For many samplers, it might be useful to separate between the warmup phase and the sampling phase, e.g. in AdvancedHMC we have an initial phase where we adapt the parameters to the parameters at hand.

Currently, the usual approach to implementing such a warmup stage is to keep track of the iteration + the adaptation stuff internally in the state, but sometimes that can be quite annoying and/or redundant to implement.

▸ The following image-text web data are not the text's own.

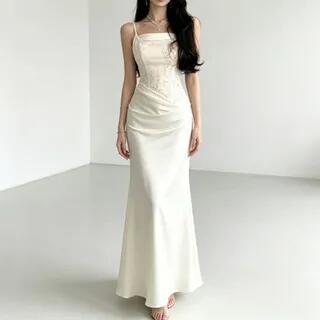 Spaghetti Strap Plain Sequin Satin Sheath Evening Gown White by JIYON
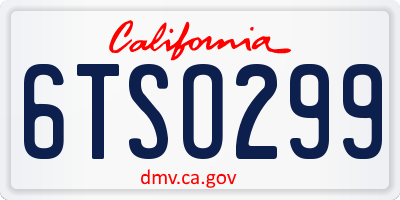 CA license plate 6TSO299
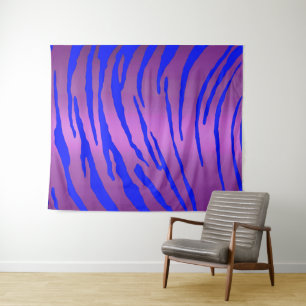Tenture Tigre métallique rayures bleu rose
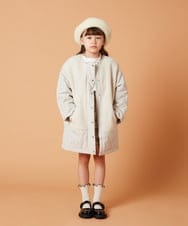 KJUAW06079 a.v.v KIDS(アー・ヴェ・ヴェ) [140-150]ボア切り替えキルティングコート アイボリー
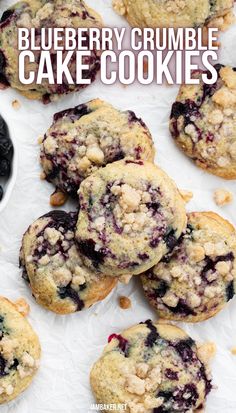 Blueberry Crumble Cake Cookies on a white surface. Blueberry Cheesecake Cookies Recipes, Crumbl Blueberry Cookies, Easy Bake Deserts, Blueberry Pie Filling Cookies, Crumbl Cookie Blueberry Muffin, Keto Blueberry Cookies, Blueberry Muffins Cookies, Cookies With Crumble Topping, Crumble Blueberry Muffin Cookies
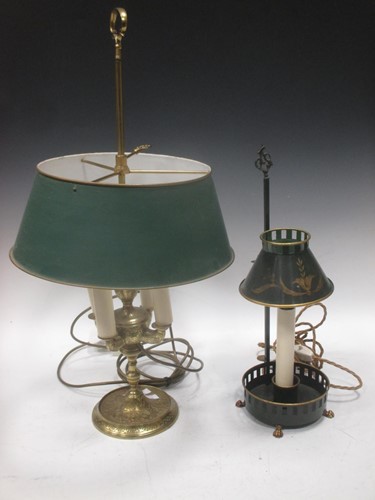 Lot 442 - An engraved lacquered-brass four-branch...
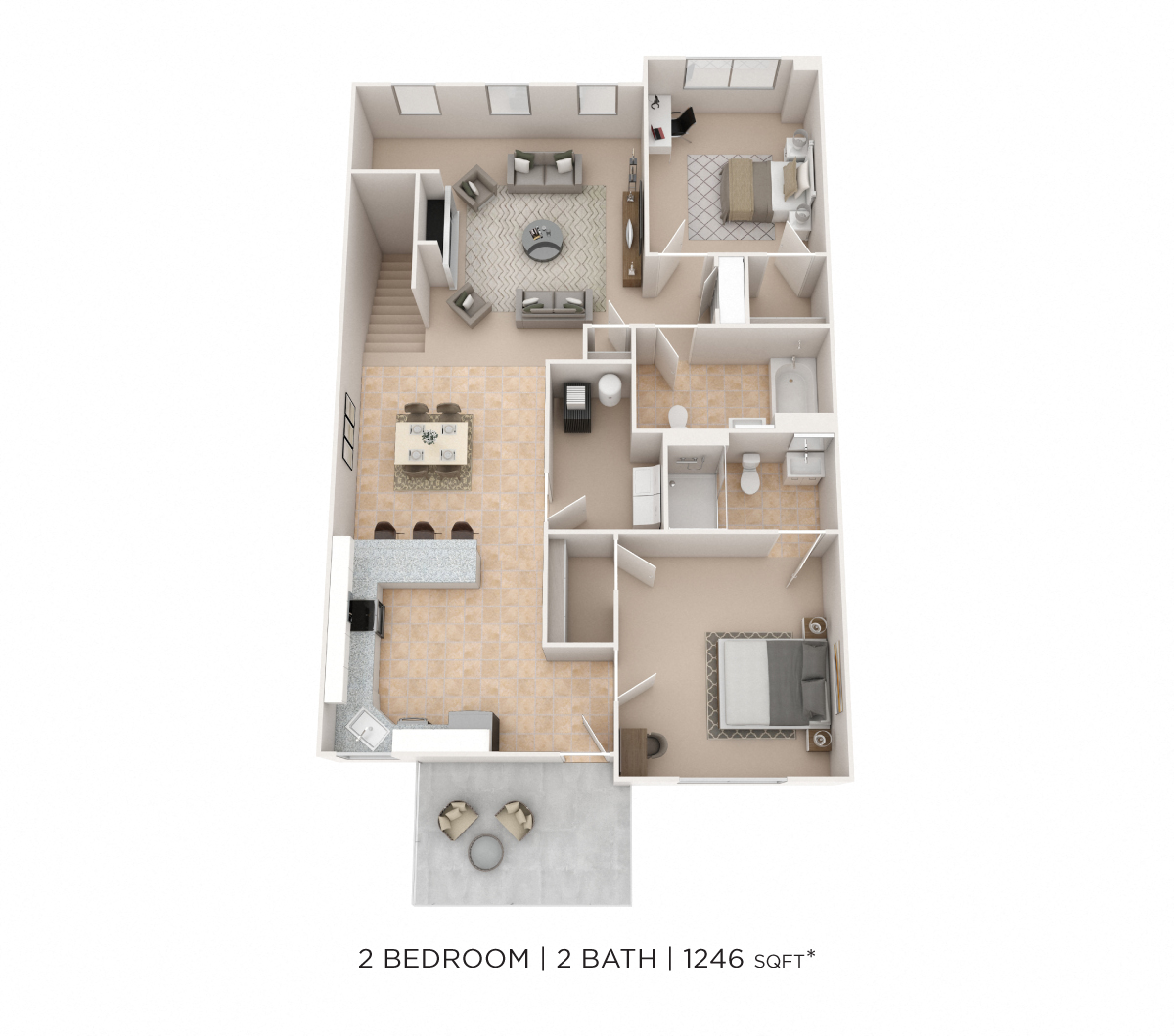 Floor plan for 2 beds, 2 baths, 1246 sqft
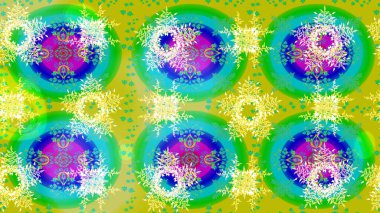 İşlemeli çiçekli, dikişsiz desen. Parmak izi, kumaş, duvar kâğıdı, tekstil için raster dokusu. Renkli grunge, yakut yeşil çiçeklerle soyut arkaplanı zenginleştirir.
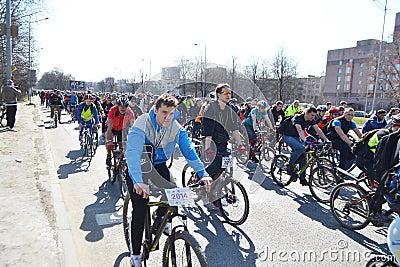 Cycle race on street of St.Petersburg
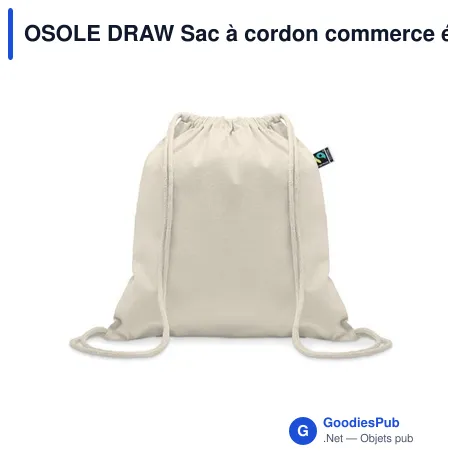 OSOLE DRAW Sac à cordon commerce équitable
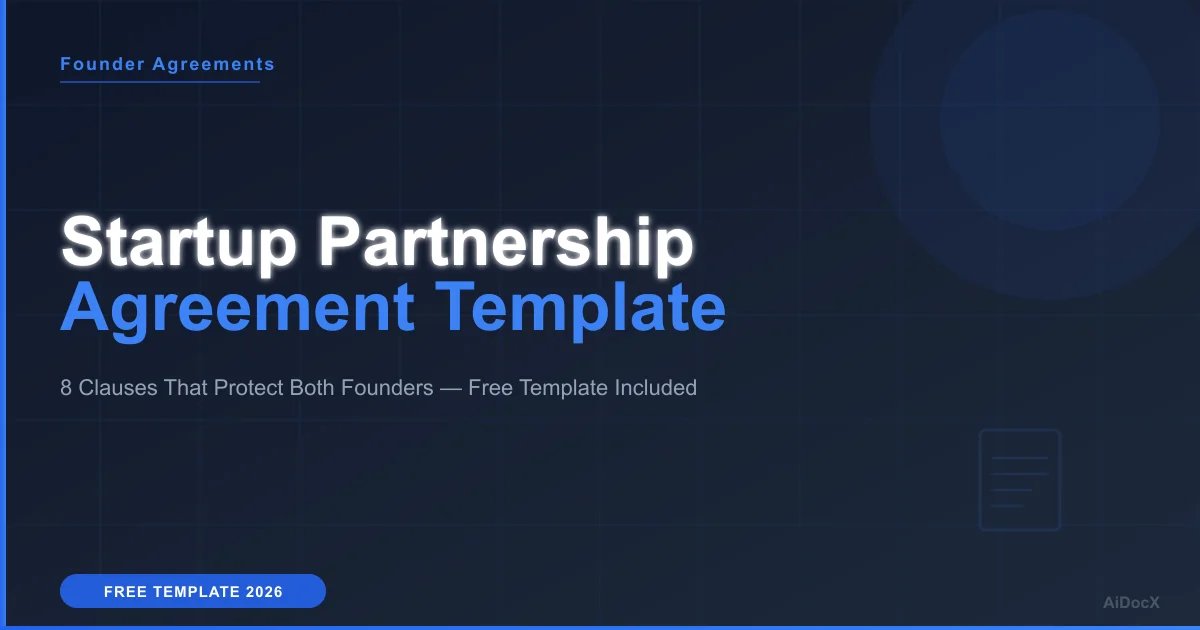 Startup Partnership Agreement: 8 Clauses That Protect Both Founders (Free Template 2026)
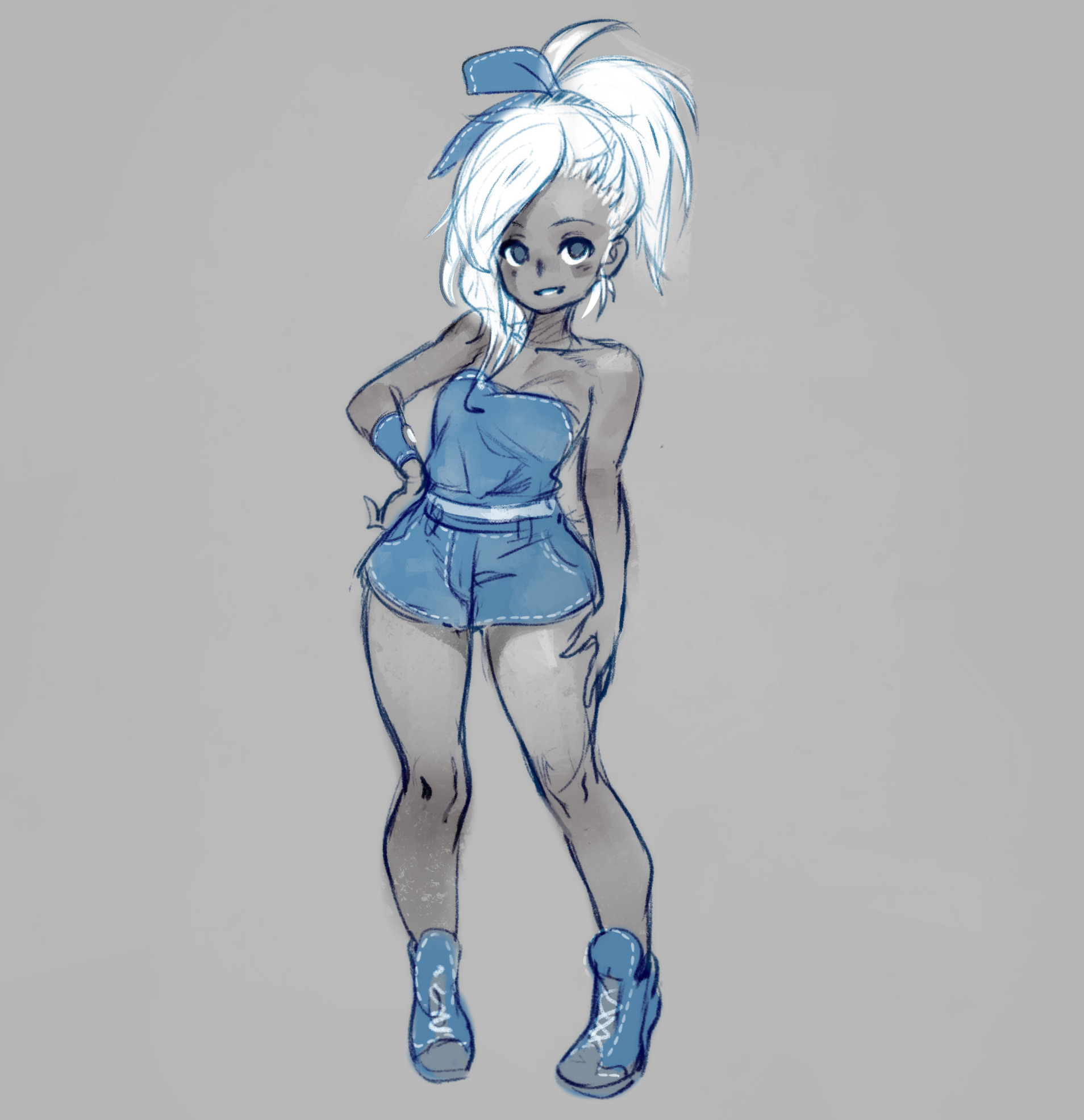 a sketch of an anime girl with white hair, wearing a blue top and shorts, standing in a casual pose. she is wearing blue sneakers with white laces and has a blue bow in her hair. the image is a digital sketch and is made with a blue and gray color scheme.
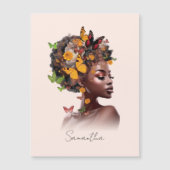 Melanine Magic: Afro Haar en Kleurrijke Vlinder (Voorkant)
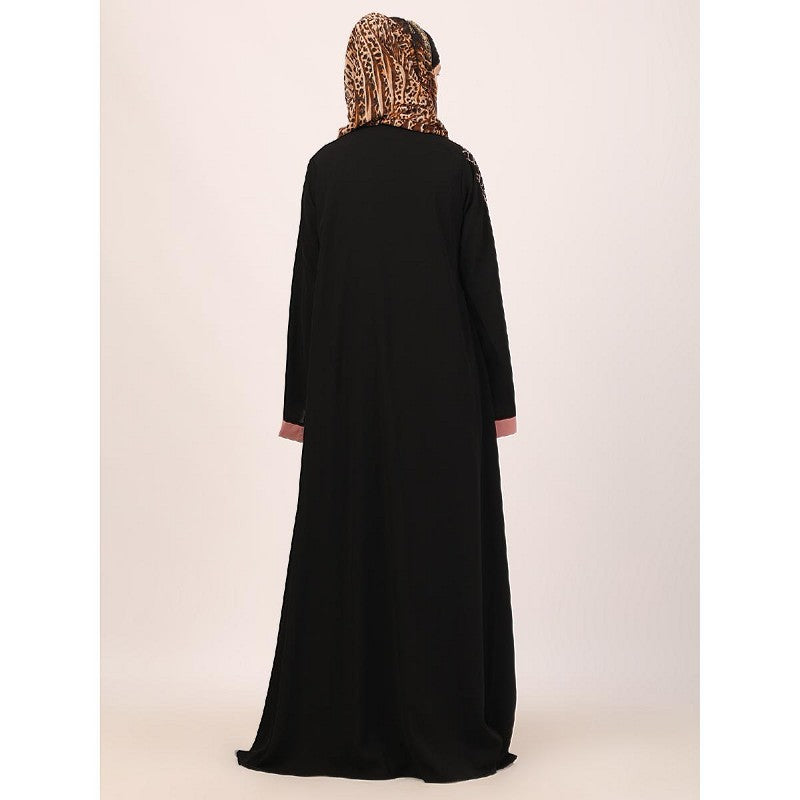 Embroidery Shrug with sleeveless inner abaya-Black-baby pink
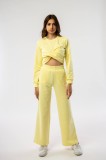 Set Sport Copii Bumbac Galben Upway Pantaloni Bluza, Talie Inalta, Fabricat in Romania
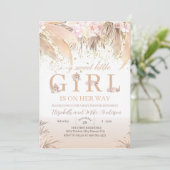 Boho Girl Baby Shower Einladung (Stehend Vorderseite)
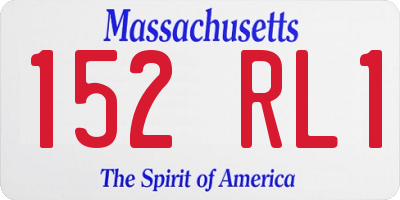 MA license plate 152RL1
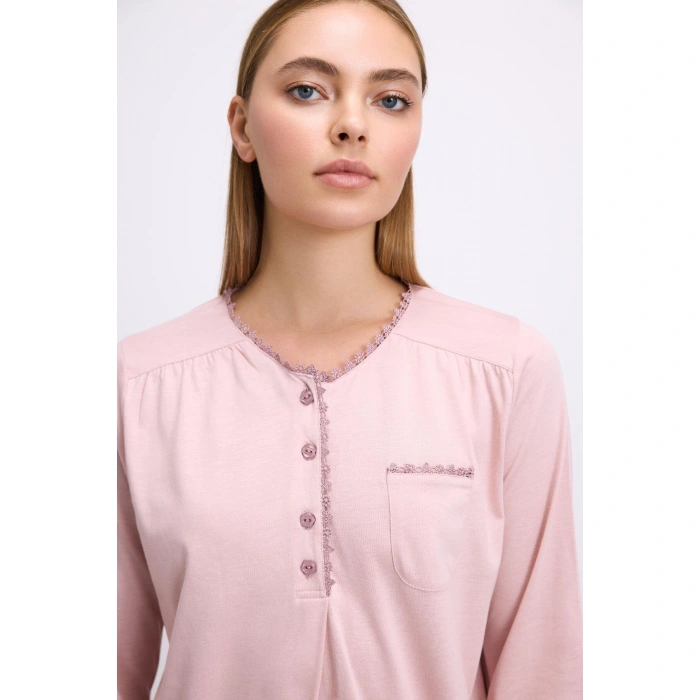 MARSiLYAN- Gül Kurusu Modal Pamuklu Uzun Kollu Düğmeli 2li Pijama Takımı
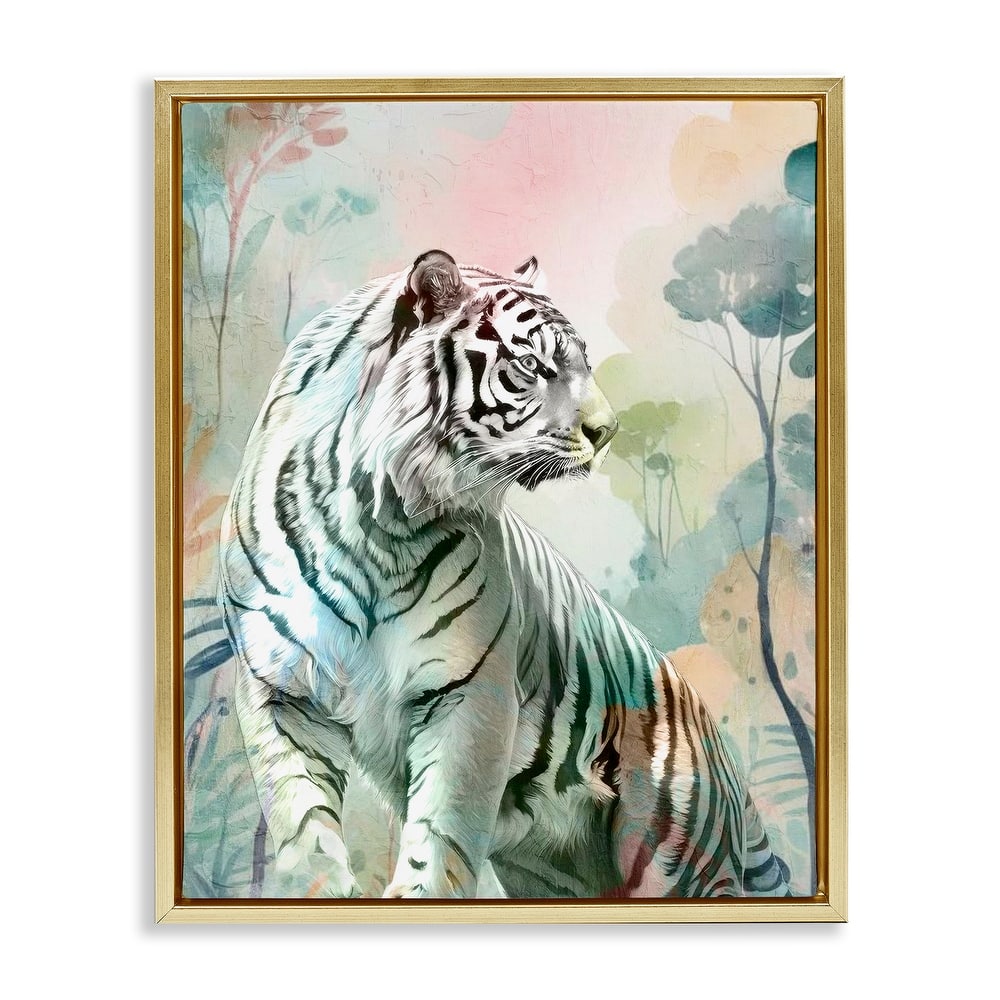 Stupell Soft Gazing Tiger Framed Floater Canvas Wall Art Design By Kim Allen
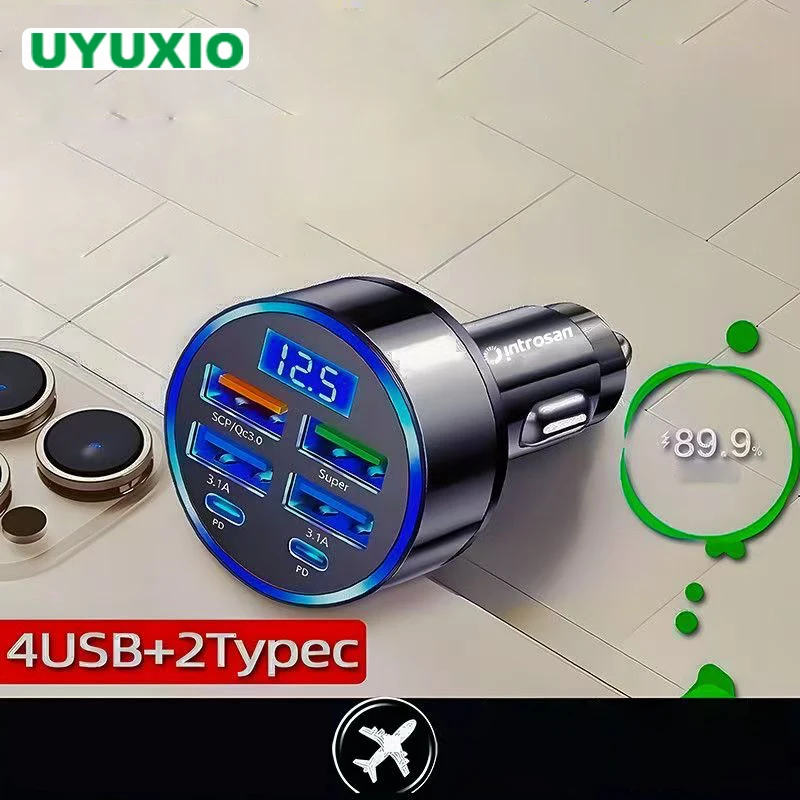 

Автомобильное зарядное устройство UYUXIO с несколькими портами USB-C, адаптер на 12 В с дисплеем напряжения, быстрая зарядка с вольтметром для iPhone и Samsung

I would also argue that separating these is useful on a conceptual level, e.g. even if I interact directly with the stepper-interface, I would now do

for _ = 1:nwarmup
    state = last(AbstractMCMC.step_warmup(rng, model, sampler, state))
end

for i = 1:nsteps
    transition, state = AbstractMCMC.step(rng, model, sampler, state)
    # save
    ...
end

vs.

for i = 1:nwarmup + nsteps
    transition, state = AbstractMCMC.step(rng, model, sampler, state)
    # save
    if !iswarmup(state)
        ...
    end
end

With this PR, for something like MCMCTempering.jl where in the warmup phase we actually just want to take steps with the underlying sampler rather than also include the swaps, we can then just make the step_warmup do so without having to add any notion of iterations in the state, nor without telling the sampler itself about how many warm-up steps we want (instead it's just specified by kwarg in sample, as it should be).

codecov[bot] commented 1 year ago

Codecov Report

Attention: 15 lines in your changes are missing coverage. Please review.

Comparison is base (dfb33b5) 96.87% compared to head (6e8f88e) 92.87%.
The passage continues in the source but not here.